# DATASET SECTION:
☆ ☆ ☆ ☆ ☆ ☆ ☆

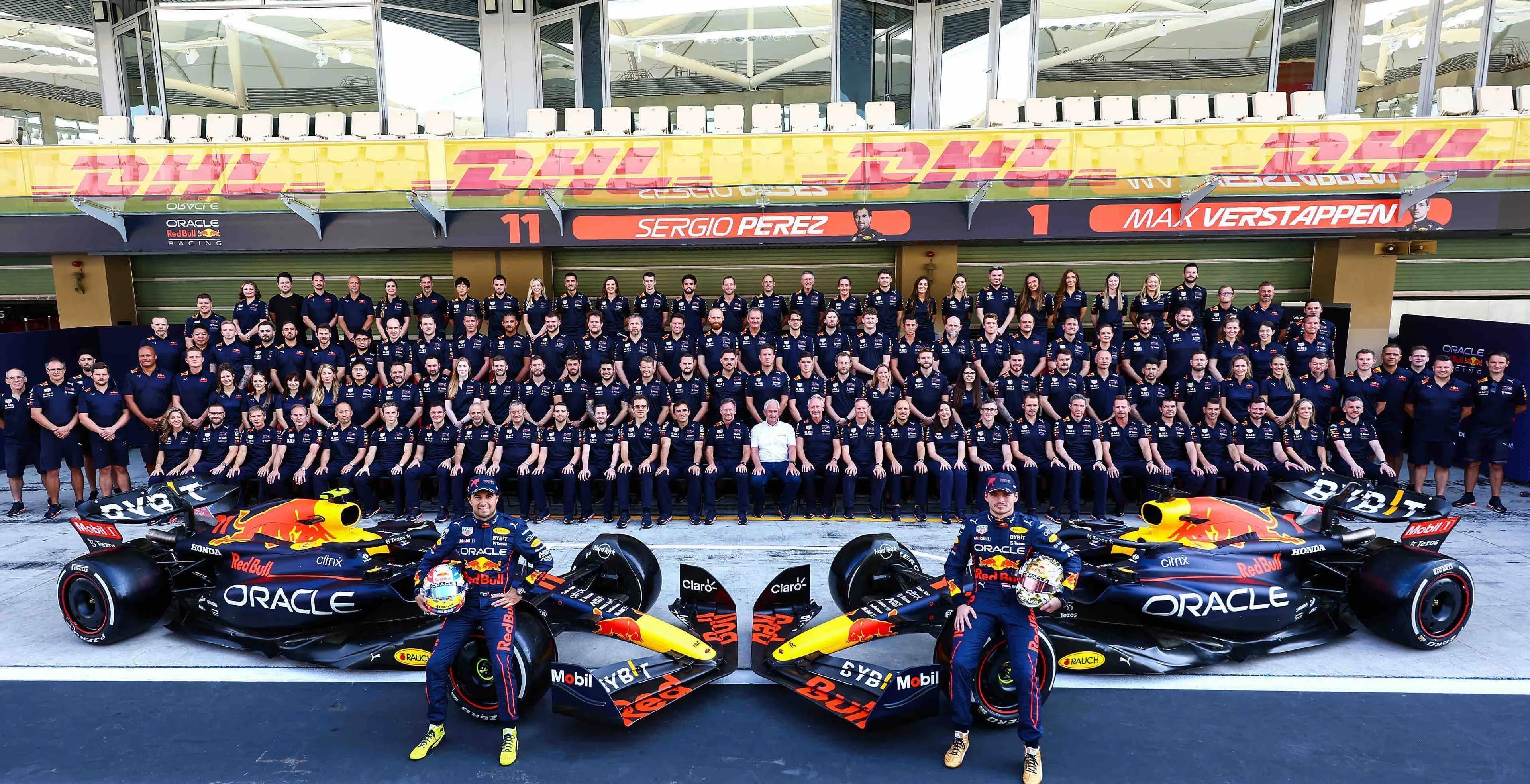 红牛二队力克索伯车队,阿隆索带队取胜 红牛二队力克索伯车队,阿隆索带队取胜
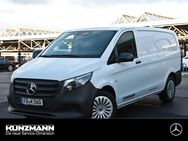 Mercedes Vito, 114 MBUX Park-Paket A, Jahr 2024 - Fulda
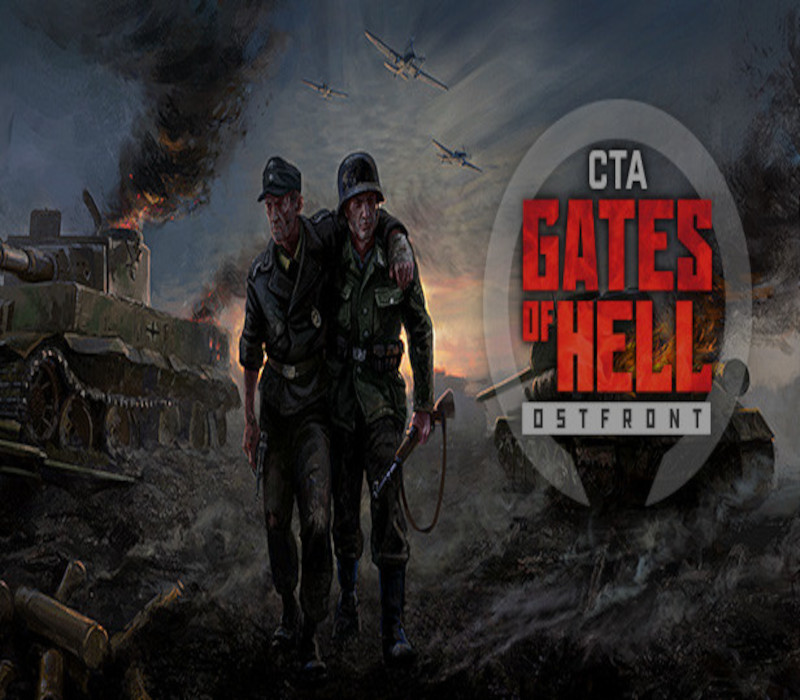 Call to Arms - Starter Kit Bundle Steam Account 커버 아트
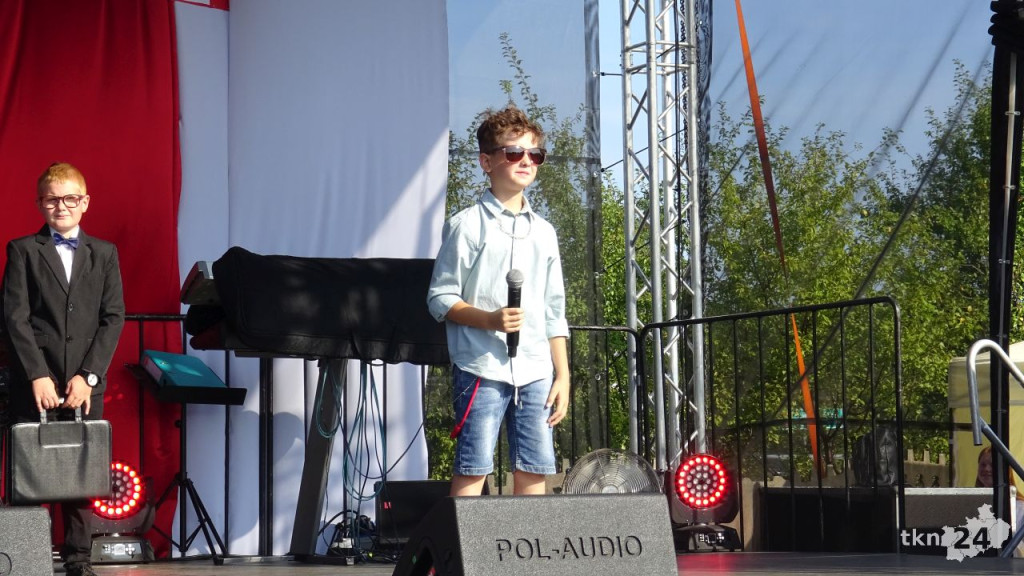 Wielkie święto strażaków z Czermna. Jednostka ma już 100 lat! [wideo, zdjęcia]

☆ ☆ ☆ ☆ ☆ ☆ ☆

# WHAT NEEDS TO BE DONE:
Transcribe all of the listing precisely. The images stay out of it.

# ANSWER SECTION:
 红牛二队力克索伯车队,阿隆索带队取胜 红牛二队力克索伯车队,阿隆索带队取胜
 Mercedes Vito, 114 MBUX Park-Paket A, Jahr 2024 - Fulda
 Call to Arms - Starter Kit Bundle Steam Account 커버 아트
 Wielkie święto strażaków z Czermna. Jednostka ma już 100 lat! [wideo, zdjęcia]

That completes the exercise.